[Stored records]
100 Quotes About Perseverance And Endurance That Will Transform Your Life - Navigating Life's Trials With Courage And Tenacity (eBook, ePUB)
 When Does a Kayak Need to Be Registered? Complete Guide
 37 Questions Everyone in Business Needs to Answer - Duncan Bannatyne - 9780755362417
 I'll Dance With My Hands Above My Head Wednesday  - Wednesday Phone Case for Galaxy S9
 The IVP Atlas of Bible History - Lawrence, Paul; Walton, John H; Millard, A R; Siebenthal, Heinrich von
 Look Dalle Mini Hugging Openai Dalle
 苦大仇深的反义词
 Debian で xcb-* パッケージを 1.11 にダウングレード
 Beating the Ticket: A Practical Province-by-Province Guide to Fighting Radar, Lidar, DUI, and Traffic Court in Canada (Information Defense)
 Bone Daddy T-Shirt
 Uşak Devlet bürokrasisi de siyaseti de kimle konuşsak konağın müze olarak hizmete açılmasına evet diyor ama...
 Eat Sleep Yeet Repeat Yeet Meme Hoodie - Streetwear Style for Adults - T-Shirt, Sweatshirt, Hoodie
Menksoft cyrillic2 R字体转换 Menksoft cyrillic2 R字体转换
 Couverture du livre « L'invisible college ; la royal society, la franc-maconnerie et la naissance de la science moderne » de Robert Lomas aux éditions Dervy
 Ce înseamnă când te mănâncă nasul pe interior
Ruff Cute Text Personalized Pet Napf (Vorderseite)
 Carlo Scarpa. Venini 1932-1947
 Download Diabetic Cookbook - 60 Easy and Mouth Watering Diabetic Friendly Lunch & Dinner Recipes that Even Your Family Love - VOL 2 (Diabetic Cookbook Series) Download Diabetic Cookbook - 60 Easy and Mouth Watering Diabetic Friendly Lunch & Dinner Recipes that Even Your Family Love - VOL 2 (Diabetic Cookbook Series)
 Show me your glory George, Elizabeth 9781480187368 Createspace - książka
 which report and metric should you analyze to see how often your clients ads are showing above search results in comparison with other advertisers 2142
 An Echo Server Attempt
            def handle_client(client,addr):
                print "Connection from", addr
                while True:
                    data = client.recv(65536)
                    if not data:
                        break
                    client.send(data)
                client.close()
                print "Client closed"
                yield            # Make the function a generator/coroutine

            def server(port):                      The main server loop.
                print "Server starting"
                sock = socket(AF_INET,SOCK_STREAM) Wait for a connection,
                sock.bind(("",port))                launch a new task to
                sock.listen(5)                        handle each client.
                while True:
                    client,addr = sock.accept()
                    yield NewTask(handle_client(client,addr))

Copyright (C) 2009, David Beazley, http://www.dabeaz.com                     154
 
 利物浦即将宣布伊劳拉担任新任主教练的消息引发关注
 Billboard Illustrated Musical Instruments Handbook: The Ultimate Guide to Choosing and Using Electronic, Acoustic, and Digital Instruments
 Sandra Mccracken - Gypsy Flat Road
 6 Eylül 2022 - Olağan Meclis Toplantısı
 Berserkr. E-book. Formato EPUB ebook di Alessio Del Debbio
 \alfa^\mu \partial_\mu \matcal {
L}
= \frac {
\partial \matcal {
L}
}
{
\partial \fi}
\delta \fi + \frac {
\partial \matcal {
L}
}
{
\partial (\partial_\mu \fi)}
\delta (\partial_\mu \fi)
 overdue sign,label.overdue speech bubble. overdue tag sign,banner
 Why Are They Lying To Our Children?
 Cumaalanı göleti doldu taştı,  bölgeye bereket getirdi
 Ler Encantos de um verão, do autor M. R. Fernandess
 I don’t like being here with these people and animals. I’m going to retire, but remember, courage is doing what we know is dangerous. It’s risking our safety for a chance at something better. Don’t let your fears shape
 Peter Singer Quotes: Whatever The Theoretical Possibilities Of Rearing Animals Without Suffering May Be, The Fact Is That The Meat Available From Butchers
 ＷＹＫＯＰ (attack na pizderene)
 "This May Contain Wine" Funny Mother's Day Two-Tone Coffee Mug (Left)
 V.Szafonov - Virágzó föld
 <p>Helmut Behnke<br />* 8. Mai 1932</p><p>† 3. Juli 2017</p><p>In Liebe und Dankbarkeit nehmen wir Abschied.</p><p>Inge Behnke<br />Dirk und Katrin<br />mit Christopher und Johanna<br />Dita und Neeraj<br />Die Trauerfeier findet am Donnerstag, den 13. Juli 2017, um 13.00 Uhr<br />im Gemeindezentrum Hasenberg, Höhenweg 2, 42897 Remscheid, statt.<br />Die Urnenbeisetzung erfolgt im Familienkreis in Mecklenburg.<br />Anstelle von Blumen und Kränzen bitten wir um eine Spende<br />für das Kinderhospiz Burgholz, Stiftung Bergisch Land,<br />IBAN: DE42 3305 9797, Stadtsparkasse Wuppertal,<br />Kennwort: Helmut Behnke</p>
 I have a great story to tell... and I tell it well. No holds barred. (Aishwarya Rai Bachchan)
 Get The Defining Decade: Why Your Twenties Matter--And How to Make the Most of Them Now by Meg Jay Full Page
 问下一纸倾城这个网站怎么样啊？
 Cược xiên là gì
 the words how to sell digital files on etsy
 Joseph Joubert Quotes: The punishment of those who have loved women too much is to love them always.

● **EXERCISE DETAILS**
Reproduce each line from the records that contains the word "print".

● **SOLUTION TO THE PROBLEM**
                print "Connection from", addr
                print "Client closed"
                print "Server starting"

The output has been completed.